All that is asked is a faithful reproduction of the entries.

Scraped caption text data
....................

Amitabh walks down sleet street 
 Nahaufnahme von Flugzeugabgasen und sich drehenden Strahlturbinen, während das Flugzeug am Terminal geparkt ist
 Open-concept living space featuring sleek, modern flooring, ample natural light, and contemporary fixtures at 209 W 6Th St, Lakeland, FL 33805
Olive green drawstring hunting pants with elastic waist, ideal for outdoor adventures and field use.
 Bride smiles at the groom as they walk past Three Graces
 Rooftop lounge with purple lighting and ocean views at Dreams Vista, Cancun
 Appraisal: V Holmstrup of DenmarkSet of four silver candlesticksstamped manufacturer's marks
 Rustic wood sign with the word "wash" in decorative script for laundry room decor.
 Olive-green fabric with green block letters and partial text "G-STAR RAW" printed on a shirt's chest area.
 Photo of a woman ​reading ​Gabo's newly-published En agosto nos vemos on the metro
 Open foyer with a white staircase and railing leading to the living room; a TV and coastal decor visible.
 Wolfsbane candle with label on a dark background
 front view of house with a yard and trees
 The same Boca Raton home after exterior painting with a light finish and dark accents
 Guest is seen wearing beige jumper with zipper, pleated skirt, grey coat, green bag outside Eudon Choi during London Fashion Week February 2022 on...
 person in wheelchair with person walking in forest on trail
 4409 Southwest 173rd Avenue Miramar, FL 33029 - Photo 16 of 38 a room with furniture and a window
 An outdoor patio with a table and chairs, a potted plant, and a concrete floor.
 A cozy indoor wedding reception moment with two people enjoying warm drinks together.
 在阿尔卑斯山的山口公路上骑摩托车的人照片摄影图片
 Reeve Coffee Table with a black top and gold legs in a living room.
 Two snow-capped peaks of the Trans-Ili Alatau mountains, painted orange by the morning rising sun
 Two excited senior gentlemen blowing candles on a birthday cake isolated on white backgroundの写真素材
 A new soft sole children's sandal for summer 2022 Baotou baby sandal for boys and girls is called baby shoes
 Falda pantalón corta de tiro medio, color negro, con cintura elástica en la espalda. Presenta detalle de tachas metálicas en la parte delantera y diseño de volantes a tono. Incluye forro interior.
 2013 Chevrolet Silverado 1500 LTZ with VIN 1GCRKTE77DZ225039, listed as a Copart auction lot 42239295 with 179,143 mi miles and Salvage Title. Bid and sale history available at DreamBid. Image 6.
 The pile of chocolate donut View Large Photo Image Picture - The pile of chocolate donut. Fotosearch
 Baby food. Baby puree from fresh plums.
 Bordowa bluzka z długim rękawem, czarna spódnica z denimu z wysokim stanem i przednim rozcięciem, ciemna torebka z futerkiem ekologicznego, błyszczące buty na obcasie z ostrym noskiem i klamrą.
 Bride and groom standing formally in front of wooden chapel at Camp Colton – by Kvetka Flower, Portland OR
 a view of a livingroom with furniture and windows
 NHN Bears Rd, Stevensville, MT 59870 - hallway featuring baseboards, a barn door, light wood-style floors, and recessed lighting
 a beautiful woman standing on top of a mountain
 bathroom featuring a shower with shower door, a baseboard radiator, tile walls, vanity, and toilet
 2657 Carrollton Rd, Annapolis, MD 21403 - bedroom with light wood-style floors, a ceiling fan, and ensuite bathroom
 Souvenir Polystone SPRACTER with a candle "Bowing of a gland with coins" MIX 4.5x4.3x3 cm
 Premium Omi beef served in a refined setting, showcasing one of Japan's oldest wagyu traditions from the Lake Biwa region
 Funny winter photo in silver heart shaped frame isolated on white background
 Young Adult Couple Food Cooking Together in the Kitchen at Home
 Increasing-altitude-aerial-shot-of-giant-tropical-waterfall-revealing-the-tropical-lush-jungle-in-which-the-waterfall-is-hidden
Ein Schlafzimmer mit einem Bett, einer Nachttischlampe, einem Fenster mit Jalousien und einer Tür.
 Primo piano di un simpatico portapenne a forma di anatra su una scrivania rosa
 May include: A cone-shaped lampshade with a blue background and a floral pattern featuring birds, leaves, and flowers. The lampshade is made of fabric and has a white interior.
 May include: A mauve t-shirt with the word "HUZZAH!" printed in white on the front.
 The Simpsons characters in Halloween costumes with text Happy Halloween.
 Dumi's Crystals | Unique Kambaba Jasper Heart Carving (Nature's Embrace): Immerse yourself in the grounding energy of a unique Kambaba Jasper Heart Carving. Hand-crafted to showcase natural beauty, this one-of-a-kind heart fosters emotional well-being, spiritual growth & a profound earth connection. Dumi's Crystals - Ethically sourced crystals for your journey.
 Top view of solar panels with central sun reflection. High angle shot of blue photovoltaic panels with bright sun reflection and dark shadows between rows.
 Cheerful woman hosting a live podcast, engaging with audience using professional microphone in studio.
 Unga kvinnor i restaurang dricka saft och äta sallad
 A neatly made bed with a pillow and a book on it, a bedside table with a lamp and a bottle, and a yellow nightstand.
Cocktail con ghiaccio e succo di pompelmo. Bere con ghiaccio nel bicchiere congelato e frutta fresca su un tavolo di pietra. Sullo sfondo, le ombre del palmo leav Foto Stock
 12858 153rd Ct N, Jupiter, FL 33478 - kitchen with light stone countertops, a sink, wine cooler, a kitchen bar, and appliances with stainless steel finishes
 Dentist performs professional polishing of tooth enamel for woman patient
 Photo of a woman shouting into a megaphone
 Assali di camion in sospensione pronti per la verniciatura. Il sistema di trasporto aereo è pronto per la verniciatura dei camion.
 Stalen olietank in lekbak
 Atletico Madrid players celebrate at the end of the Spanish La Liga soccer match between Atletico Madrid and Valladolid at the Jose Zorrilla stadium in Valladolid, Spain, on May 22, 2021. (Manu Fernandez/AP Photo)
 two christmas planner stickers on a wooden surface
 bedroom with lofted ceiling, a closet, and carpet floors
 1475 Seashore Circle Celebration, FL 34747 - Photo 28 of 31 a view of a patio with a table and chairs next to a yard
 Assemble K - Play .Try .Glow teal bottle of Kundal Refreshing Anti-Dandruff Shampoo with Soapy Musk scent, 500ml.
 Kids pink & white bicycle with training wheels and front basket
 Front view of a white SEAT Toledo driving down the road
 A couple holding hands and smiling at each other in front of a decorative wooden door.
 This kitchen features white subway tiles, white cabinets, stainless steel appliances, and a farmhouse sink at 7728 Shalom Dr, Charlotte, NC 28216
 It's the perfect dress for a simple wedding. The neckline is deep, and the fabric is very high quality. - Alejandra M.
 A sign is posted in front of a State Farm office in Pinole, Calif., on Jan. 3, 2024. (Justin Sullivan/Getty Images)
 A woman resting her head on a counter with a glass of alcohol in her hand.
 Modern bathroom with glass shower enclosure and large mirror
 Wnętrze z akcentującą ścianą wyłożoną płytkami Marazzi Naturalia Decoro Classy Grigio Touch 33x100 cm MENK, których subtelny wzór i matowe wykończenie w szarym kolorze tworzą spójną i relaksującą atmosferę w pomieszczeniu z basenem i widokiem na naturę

....................

## OUTPUT OF THE EXERCISE
Amitabh walks down sleet street 
 Nahaufnahme von Flugzeugabgasen und sich drehenden Strahlturbinen, während das Flugzeug am Terminal geparkt ist
 Open-concept living space featuring sleek, modern flooring, ample natural light, and contemporary fixtures at 209 W 6Th St, Lakeland, FL 33805
Olive green drawstring hunting pants with elastic waist, ideal for outdoor adventures and field use.
 Bride smiles at the groom as they walk past Three Graces
 Rooftop lounge with purple lighting and ocean views at Dreams Vista, Cancun
 Appraisal: V Holmstrup of DenmarkSet of four silver candlesticksstamped manufacturer's marks
 Rustic wood sign with the word "wash" in decorative script for laundry room decor.
 Olive-green fabric with green block letters and partial text "G-STAR RAW" printed on a shirt's chest area.
 Photo of a woman ​reading ​Gabo's newly-published En agosto nos vemos on the metro
 Open foyer with a white staircase and railing leading to the living room; a TV and coastal decor visible.
 Wolfsbane candle with label on a dark background
 front view of house with a yard and trees
 The same Boca Raton home after exterior painting with a light finish and dark accents
 Guest is seen wearing beige jumper with zipper, pleated skirt, grey coat, green bag outside Eudon Choi during London Fashion Week February 2022 on...
 person in wheelchair with person walking in forest on trail
 4409 Southwest 173rd Avenue Miramar, FL 33029 - Photo 16 of 38 a room with furniture and a window
 An outdoor patio with a table and chairs, a potted plant, and a concrete floor.
 A cozy indoor wedding reception moment with two people enjoying warm drinks together.
 在阿尔卑斯山的山口公路上骑摩托车的人照片摄影图片
 Reeve Coffee Table with a black top and gold legs in a living room.
 Two snow-capped peaks of the Trans-Ili Alatau mountains, painted orange by the morning rising sun
 Two excited senior gentlemen blowing candles on a birthday cake isolated on white backgroundの写真素材
 A new soft sole children's sandal for summer 2022 Baotou baby sandal for boys and girls is called baby shoes
 Falda pantalón corta de tiro medio, color negro, con cintura elástica en la espalda. Presenta detalle de tachas metálicas en la parte delantera y diseño de volantes a tono. Incluye forro interior.
 2013 Chevrolet Silverado 1500 LTZ with VIN 1GCRKTE77DZ225039, listed as a Copart auction lot 42239295 with 179,143 mi miles and Salvage Title. Bid and sale history available at DreamBid. Image 6.
 The pile of chocolate donut View Large Photo Image Picture - The pile of chocolate donut. Fotosearch
 Baby food. Baby puree from fresh plums.
 Bordowa bluzka z długim rękawem, czarna spódnica z denimu z wysokim stanem i przednim rozcięciem, ciemna torebka z futerkiem ekologicznego, błyszczące buty na obcasie z ostrym noskiem i klamrą.
 Bride and groom standing formally in front of wooden chapel at Camp Colton – by Kvetka Flower, Portland OR
 a view of a livingroom with furniture and windows
 NHN Bears Rd, Stevensville, MT 59870 - hallway featuring baseboards, a barn door, light wood-style floors, and recessed lighting
 a beautiful woman standing on top of a mountain
 bathroom featuring a shower with shower door, a baseboard radiator, tile walls, vanity, and toilet
 2657 Carrollton Rd, Annapolis, MD 21403 - bedroom with light wood-style floors, a ceiling fan, and ensuite bathroom
 Souvenir Polystone SPRACTER with a candle "Bowing of a gland with coins" MIX 4.5x4.3x3 cm
 Premium Omi beef served in a refined setting, showcasing one of Japan's oldest wagyu traditions from the Lake Biwa region
 Funny winter photo in silver heart shaped frame isolated on white background
 Young Adult Couple Food Cooking Together in the Kitchen at Home
 Increasing-altitude-aerial-shot-of-giant-tropical-waterfall-revealing-the-tropical-lush-jungle-in-which-the-waterfall-is-hidden
Ein Schlafzimmer mit einem Bett, einer Nachttischlampe, einem Fenster mit Jalousien und einer Tür.
 Primo piano di un simpatico portapenne a forma di anatra su una scrivania rosa
 May include: A cone-shaped lampshade with a blue background and a floral pattern featuring birds, leaves, and flowers. The lampshade is made of fabric and has a white interior.
 May include: A mauve t-shirt with the word "HUZZAH!" printed in white on the front.
 The Simpsons characters in Halloween costumes with text Happy Halloween.
 Dumi's Crystals | Unique Kambaba Jasper Heart Carving (Nature's Embrace): Immerse yourself in the grounding energy of a unique Kambaba Jasper Heart Carving. Hand-crafted to showcase natural beauty, this one-of-a-kind heart fosters emotional well-being, spiritual growth & a profound earth connection. Dumi's Crystals - Ethically sourced crystals for your journey.
 Top view of solar panels with central sun reflection. High angle shot of blue photovoltaic panels with bright sun reflection and dark shadows between rows.
 Cheerful woman hosting a live podcast, engaging with audience using professional microphone in studio.
 Unga kvinnor i restaurang dricka saft och äta sallad
 A neatly made bed with a pillow and a book on it, a bedside table with a lamp and a bottle, and a yellow nightstand.
Cocktail con ghiaccio e succo di pompelmo. Bere con ghiaccio nel bicchiere congelato e frutta fresca su un tavolo di pietra. Sullo sfondo, le ombre del palmo leav Foto Stock
 12858 153rd Ct N, Jupiter, FL 33478 - kitchen with light stone countertops, a sink, wine cooler, a kitchen bar, and appliances with stainless steel finishes
 Dentist performs professional polishing of tooth enamel for woman patient
 Photo of a woman shouting into a megaphone
 Assali di camion in sospensione pronti per la verniciatura. Il sistema di trasporto aereo è pronto per la verniciatura dei camion.
 Stalen olietank in lekbak
 Atletico Madrid players celebrate at the end of the Spanish La Liga soccer match between Atletico Madrid and Valladolid at the Jose Zorrilla stadium in Valladolid, Spain, on May 22, 2021. (Manu Fernandez/AP Photo)
 two christmas planner stickers on a wooden surface
 bedroom with lofted ceiling, a closet, and carpet floors
 1475 Seashore Circle Celebration, FL 34747 - Photo 28 of 31 a view of a patio with a table and chairs next to a yard
 Assemble K - Play .Try .Glow teal bottle of Kundal Refreshing Anti-Dandruff Shampoo with Soapy Musk scent, 500ml.
 Kids pink & white bicycle with training wheels and front basket
 Front view of a white SEAT Toledo driving down the road
 A couple holding hands and smiling at each other in front of a decorative wooden door.
 This kitchen features white subway tiles, white cabinets, stainless steel appliances, and a farmhouse sink at 7728 Shalom Dr, Charlotte, NC 28216
 It's the perfect dress for a simple wedding. The neckline is deep, and the fabric is very high quality. - Alejandra M.
 A sign is posted in front of a State Farm office in Pinole, Calif., on Jan. 3, 2024. (Justin Sullivan/Getty Images)
 A woman resting her head on a counter with a glass of alcohol in her hand.
 Modern bathroom with glass shower enclosure and large mirror
 Wnętrze z akcentującą ścianą wyłożoną płytkami Marazzi Naturalia Decoro Classy Grigio Touch 33x100 cm MENK, których subtelny wzór i matowe wykończenie w szarym kolorze tworzą spójną i relaksującą atmosferę w pomieszczeniu z basenem i widokiem na naturę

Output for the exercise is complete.